Following the bidding of his masters (whose interests in Wisconsin include coal company facilities in Green Bay, Manitowoc, Ashland and Sheboygan, six timber plants, and a large network of pipelines), Walker is much less interested in balancing the budget than in breaking the backs of unions. The "budget crisis" is of his own making -- Wisconsin just gave away $117 million in tax breaks, and without that and a few other recent decisions, the state’s Legislative Fiscal Bureau found that the state would enjoy a surplus. But even if we pretended that the crisis was not a self-inflicted casus belli, it's quite clear that Walker's goal is not fiscal responsibility, but destruction of the public unions' collective bargaining rights -- i.e., of the whole mechanism that empowers unions. When the executive director of the Wisconsin Public Workers Union agreed to the cuts to pension and welfare benefits that Walker was supposedly after, Walker still refused to deal without an end to collective bargaining.
"Well, so what?" say many dupes of the investment class. "Unions are bad, m'kay? They create unemployment and make workers less prosperous." Which just goes to show that if you say it often enough, you can get Americans to believe anything.
Presented here for your review are three graphs: union membership, unemployment, and income distribution. Notice how unemployment was not, in fact, higher during the union's heyday in the 1950s. Notice how, in fact, it generally runs higher after union membership starts a precipitous decline in the 1970s. Notice also how the incomes of lower quintiles flatten out around that same time -- and even the 60th and 80th percent fall off their upward trend from 1950 to 1970 -- even as the top 5% keep absorbing more and more of the wealth.
Unions are one of the few checks left on the power of the extremely wealthy. Of course billionaires have a motivation to want them destroyed. Wisconsin is the first salvo of the new battle: the billionaires, their toadies, and their dupes in the Tea Party, versus the rest of us.

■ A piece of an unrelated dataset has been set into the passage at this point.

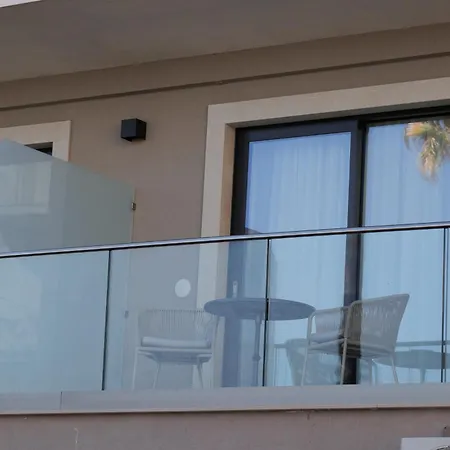 Sea Garden Luxury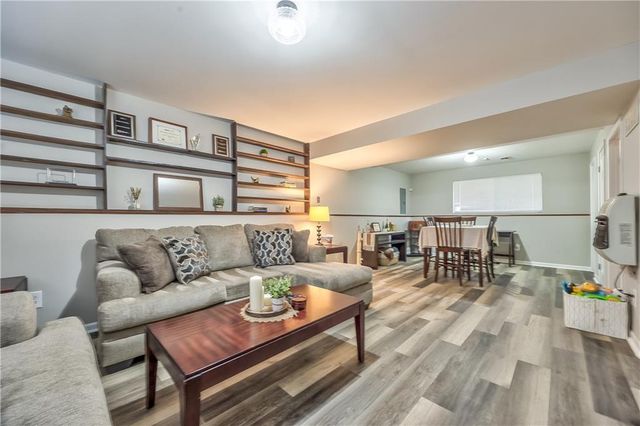 18505 E Bundschu Place, Independence, MO 64056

In the late 1970s, the top 1 percent got 9 percent of total income. Now it gets more than 20 percent.
So the problem isn’t that “we’ve” been spending too much. It’s that most Americans have been getting a steadily smaller share of the nation’s total income.
At the same time, the super-rich have been contributing a steadily-declining share of their own incomes in taxes to support what the nation needs — both at the federal and at the state levels.
Right-wing pundits like to dismiss observations like this as "class warfare". No. Class warfare is what the investment classes have been doing to the rest of us for decades now. The warfare is already going on. The only question is, when will the working people who produce all of this nation's wealth come to understand who's making war against them?